Pour le reste, porteurs de projet et municipalité d'Aleria attirent l'attention sur le dimensionnement réduit de ce futur village de vacances. "Le projet n'artificialisera que 2 000 m2 sur une superficie totale de 10 hectares, il est beaucoup plus vertueux", appuie Jean-Claude Franceschi, l'adjoint à l'urbanisme d'Aleria. En effet, le précédent village de vacances avait artificialisé plus du double de surfaces, soit 4 391m2. Et ce, sans tenir compte de la partie qui avait été bâtie dans la bande des cent mètres et qui disparaîtrait complètement demain, Victoria Corp ayant eu l'intention, dès le départ, de déplacer l'emprise du projet pour qu'il ne puisse plus empiéter sur la bande des cent mètres. De plus "le projet prévoit moins d'emprise au sol, avec moins de structures en dur qu'avant", souligne Ange Fraticelli. A la lecture du dossier qui a été initialement présenté aux services de l'Etat, l'idée est "d’intégrer 478 emplacements dédiés à des tentes, des caravanes, des résidences mobiles de loisir et des camping‐cars. L’objectif est de supprimer l’impact des habitations existantes, construites en dur et fondées dans le sol, en les remplaçant par des habitations à caractère mobile. L’intention étant de conserver et préserver l’environnement et de diminuer l’artificialisation des sols."

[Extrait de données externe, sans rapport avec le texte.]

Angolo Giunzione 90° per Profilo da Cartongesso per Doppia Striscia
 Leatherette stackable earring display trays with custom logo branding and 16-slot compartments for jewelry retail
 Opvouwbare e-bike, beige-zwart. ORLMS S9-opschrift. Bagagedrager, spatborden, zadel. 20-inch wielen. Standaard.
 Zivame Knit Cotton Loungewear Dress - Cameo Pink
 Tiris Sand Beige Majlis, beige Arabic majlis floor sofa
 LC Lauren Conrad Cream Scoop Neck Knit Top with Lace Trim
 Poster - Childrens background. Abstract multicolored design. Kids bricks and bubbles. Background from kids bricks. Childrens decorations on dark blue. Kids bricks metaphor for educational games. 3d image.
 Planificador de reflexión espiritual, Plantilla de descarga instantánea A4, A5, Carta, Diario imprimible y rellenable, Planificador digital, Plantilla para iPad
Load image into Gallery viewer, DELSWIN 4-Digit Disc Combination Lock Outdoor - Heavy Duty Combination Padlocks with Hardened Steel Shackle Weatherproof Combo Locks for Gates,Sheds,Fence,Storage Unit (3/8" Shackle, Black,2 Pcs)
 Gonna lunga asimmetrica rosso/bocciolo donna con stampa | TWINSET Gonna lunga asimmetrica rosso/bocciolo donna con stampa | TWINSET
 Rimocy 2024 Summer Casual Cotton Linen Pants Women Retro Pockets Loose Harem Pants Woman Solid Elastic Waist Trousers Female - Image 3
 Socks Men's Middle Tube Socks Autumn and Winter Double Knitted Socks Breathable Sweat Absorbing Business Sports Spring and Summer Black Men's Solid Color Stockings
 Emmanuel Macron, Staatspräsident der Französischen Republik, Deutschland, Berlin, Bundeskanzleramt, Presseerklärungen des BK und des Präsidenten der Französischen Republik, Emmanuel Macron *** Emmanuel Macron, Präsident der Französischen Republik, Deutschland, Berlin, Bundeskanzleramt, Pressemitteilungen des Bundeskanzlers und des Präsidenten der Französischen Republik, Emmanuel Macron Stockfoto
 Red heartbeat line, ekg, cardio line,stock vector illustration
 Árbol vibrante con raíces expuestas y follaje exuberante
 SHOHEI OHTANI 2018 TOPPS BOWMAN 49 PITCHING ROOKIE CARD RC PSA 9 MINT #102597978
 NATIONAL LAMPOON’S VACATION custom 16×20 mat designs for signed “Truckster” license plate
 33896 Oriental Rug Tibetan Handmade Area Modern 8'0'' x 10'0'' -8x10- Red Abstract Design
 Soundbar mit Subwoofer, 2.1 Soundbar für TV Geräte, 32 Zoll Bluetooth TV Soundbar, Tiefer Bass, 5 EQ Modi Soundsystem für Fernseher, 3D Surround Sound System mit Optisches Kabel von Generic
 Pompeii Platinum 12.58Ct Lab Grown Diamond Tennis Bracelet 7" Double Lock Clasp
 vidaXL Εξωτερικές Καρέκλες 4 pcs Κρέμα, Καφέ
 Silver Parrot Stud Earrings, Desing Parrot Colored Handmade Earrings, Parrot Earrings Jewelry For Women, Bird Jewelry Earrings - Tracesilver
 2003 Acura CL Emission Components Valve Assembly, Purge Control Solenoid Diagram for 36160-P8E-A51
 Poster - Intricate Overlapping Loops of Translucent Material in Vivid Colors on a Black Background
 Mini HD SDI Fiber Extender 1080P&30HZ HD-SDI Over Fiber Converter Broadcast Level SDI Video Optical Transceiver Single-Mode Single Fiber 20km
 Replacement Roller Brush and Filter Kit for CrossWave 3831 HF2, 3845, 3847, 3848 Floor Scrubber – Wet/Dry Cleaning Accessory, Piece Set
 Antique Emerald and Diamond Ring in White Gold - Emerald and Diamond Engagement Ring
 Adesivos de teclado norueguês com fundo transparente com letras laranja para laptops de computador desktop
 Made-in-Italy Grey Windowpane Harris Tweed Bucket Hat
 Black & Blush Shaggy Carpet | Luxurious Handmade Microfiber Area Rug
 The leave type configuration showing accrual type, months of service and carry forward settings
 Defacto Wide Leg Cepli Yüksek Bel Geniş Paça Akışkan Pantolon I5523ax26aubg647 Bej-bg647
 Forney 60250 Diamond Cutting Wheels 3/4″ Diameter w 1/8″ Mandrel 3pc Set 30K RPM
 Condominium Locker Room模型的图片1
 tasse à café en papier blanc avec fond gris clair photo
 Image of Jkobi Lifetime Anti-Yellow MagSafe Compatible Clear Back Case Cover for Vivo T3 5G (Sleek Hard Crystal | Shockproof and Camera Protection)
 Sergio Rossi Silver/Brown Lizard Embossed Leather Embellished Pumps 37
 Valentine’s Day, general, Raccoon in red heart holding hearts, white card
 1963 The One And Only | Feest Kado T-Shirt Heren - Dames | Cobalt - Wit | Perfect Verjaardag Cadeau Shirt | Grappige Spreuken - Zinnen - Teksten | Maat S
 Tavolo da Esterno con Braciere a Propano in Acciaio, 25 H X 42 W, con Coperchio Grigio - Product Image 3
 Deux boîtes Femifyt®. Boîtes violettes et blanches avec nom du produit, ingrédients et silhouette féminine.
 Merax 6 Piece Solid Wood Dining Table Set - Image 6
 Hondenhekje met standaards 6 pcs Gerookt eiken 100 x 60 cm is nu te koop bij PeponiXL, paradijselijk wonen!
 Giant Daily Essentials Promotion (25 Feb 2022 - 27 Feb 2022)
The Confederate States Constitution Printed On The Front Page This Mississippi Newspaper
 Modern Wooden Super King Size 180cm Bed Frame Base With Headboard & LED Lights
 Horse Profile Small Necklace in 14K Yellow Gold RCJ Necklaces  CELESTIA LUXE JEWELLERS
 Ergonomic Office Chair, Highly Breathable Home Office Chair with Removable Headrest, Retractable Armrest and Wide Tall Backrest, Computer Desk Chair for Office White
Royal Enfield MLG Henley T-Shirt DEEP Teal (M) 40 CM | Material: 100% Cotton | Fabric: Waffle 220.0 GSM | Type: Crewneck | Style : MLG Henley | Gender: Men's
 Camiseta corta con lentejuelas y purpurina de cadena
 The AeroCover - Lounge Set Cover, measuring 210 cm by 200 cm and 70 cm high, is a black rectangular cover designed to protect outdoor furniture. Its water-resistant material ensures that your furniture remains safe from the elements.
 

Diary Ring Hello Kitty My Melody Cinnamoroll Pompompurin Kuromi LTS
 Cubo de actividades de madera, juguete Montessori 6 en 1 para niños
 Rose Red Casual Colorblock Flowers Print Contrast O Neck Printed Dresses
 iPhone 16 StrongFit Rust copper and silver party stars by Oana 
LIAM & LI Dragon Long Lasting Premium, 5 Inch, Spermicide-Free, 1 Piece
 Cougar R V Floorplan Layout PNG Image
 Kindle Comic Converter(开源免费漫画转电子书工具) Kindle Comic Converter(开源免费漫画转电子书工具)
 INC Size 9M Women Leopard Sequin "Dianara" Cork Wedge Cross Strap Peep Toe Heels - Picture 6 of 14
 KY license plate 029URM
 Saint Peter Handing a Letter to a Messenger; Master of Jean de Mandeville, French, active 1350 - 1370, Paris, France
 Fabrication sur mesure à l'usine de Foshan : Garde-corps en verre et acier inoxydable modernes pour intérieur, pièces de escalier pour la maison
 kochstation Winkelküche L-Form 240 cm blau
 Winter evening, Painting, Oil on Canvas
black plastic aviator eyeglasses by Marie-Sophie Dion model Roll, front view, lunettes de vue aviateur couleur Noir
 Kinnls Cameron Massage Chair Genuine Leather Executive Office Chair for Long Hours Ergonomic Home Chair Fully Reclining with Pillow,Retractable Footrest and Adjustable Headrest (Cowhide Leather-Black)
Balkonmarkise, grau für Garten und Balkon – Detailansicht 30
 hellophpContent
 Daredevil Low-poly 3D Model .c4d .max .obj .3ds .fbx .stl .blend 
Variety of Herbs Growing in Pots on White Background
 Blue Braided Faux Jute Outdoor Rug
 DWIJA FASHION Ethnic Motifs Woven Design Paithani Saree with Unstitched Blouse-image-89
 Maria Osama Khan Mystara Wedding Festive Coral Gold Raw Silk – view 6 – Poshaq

"Je propose quoi aux jeunes d'Aleria ?"
De son côté, la municipalité d'Aleria attire l'attention sur l'opportunité de créer des retombées économiques pour la micro-région : "Aleria ne consomme que 0,3 % de ses espaces littoraux. Avec ce projet à Casabianda, on serait à 0,6%. On ne peut pas dire qu'on soit dans la spéculation foncière, se défend Jean-Claude Franceschi. Mais il nous faut de l'économie, comme partout. Or, à Aleria, notre économie est essentiellement agricole et fortement mécanisée. Je veux bien qu'on abandonne ce projet, mais moi je propose quoi aux jeunes d'Aleria qui me demandent de l'emploi ? A l'heure où la Corse veut s'engager sur le chemin de l'autonomie, il faut qu'on réfléchisse aux réalités économiques..."
U Levante s'inscrit plutôt, et comme dans son habitude, dans une tradition plus légaliste entre les intérêts de l'homme et ceux de la nature. L'association juge ainsi le projet de Casabianda "illégal" au regard de l'application de la loi Littoral en Corse. Bien évidemment, les frères Giudicelli et la municipalité d'Aleria en ont une toute autre lecture. Il appartiendra au préfet de trancher.
(*) Pour l'heure, c'est toujours la première étude d'impact, publiée en décembre 2021, qui se trouve en ligne sur le site de la DREAL.